The classic whiteboard problem.

I chose the “busy software engineer” approach: I know an algorithm that will work and is trivial to implement. Implement that.

To remind everyone what inverting a tree is: if criterion for insertion is left branch < right, then then output tree should have left branch > right. The dead simple algorithm is top-down: save the left, assign the right to the left, assign the saved to the right, recurse.

It’s clear, it’s simple, and fast to code.
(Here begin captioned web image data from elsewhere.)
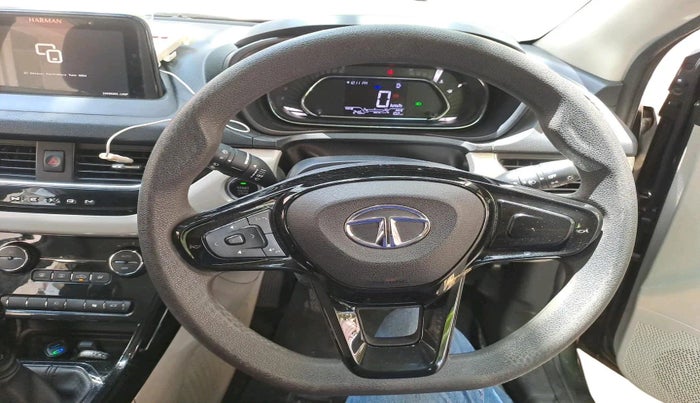 2021 Tata NEXON XZ PLUS PETROL, Petrol, Manual, 30,080 km, interior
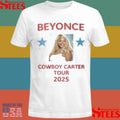 Beyonce Cowboy Carter Tour 2025 T-shirts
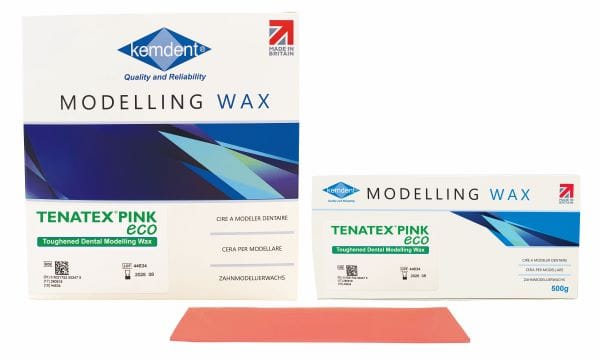 Tenatex Pink Eco – Associated Dental Products Limited Kemdent, Wachse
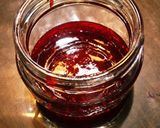 摘んだ野いちごで手作りジャム作り方8写真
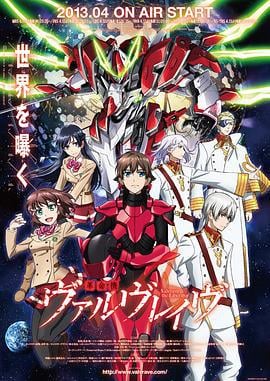 革命机Valvrave 革命機ヴァルヴレイヴ (2013)海报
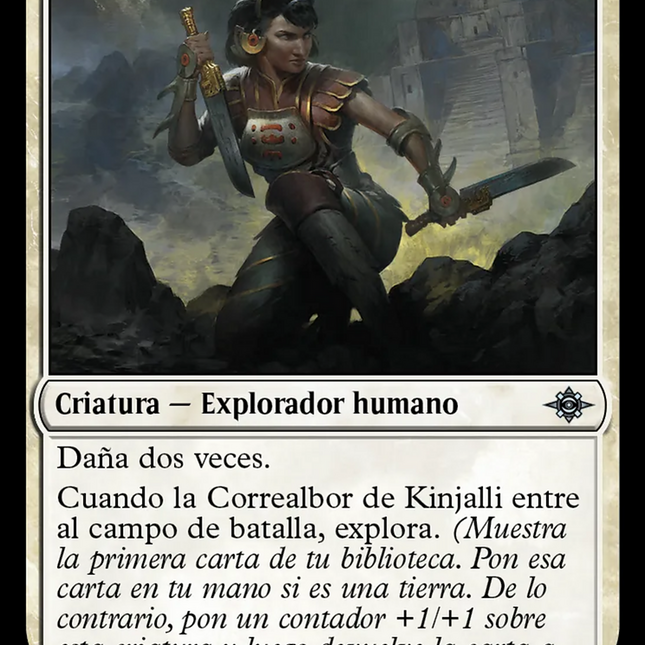 Kinjalli's Dawnrunner [The Lost Caverns of Ixalan]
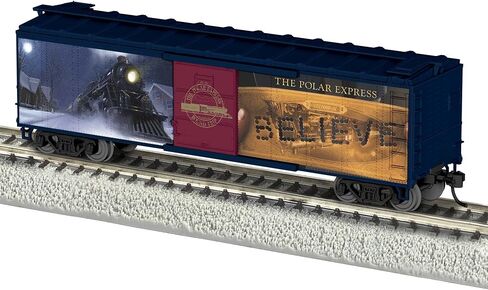 Lionel Warner Brothers The Polar Express Movie HO Gauge Model Train Boxcar in Saudi Arabia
I literally had a working solution in 2 runs (forgot the null root case on the first run).

/**
 * Definition for a binary tree node.
 * type TreeNode struct {
 *     Val int
 *     Left *TreeNode
 *     Right *TreeNode
 * }
 */
func invertTree(root *TreeNode) *TreeNode {
    if root == nil {
        return nil
    }
    
    invertTree(root.Left)
    invertTree(root.Right)

    t := root.Left
    root.Left = root.Right
    root.Right = t
    
    return root
}

About as simple as you can possibly get. Scorewise, it’s fast: top 77%. Memorywise, it’s pretty poor: bottom 8%.
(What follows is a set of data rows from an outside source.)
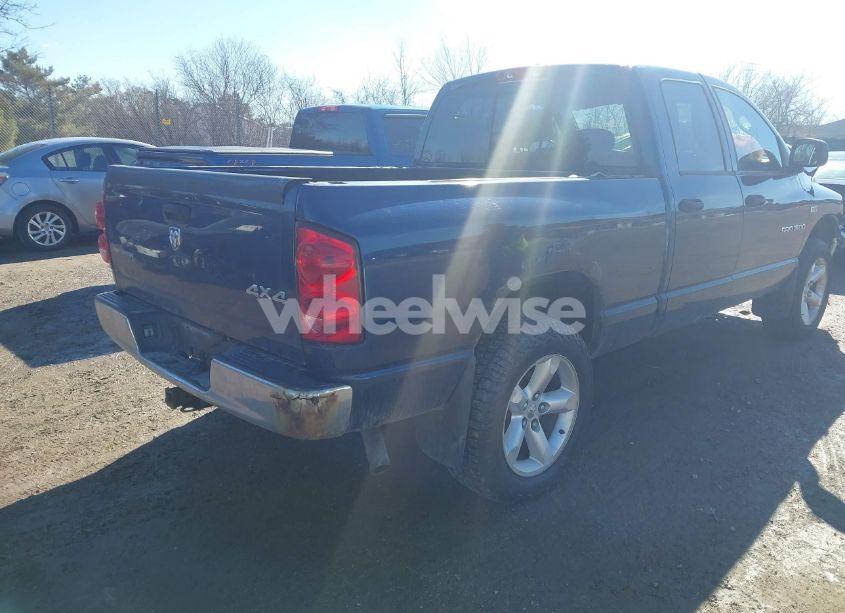 Photo 4 of 2007 Dodge Ram 1500 SLT/TRX4 OFF ROAD/SPORT (VIN 1D7HU18247J612070)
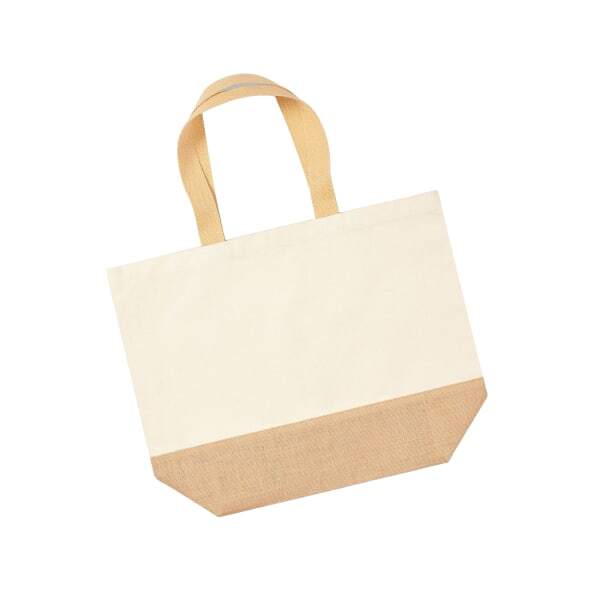 Westford Mill Laminate Jute Tote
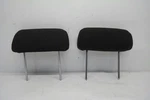 2007-2013 Gmc Sierra 1500 Rh Right Lh Left Rear Cloth Headrest Set. Fixed Price $95.86.
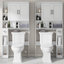 Armoire de rangement au-dessus de la toilette-1497653729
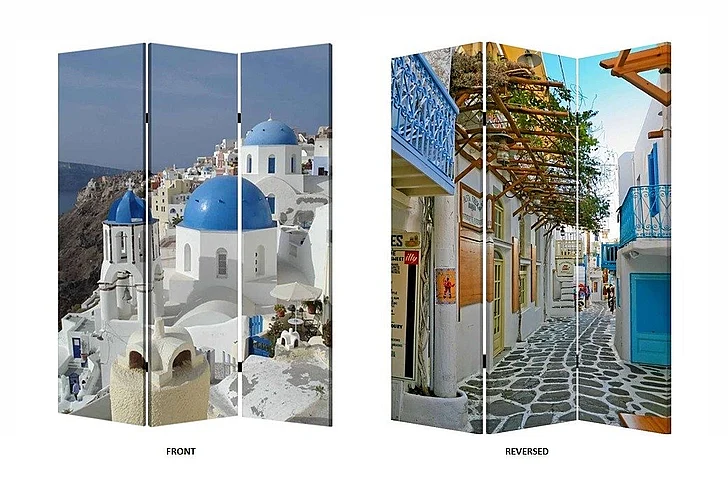 Screen Gems Cityscape Greece Screen SG-150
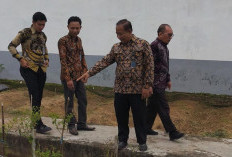 Lapas Narkotika Muara Beliti Gelar Kontrol Brandgang untuk Cegah Potensi Gangguan Kamtib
I’m betting a pointer crawl would use less memory but wouldn’t necessarily be that much faster. Let’s see.

First note, still writing append as if this were Scala. Sigh.

This try ends up in an infinite loop; I’m mismanaging the stack somehow. (See why letting Go do it is better?) I’m declaring this good enough and moving on. I expect I could write a version where I manage the stack myself, but this is why we invented higher-level languages.

Unless our trees are always incredibly deep, this is the right way to do this. Even skipping the recursion for nil subtrees doesn’t really make it faster.

On the other hand, I solved the initial recursive version in about 5 minutes, so I’m getting my feet back under me.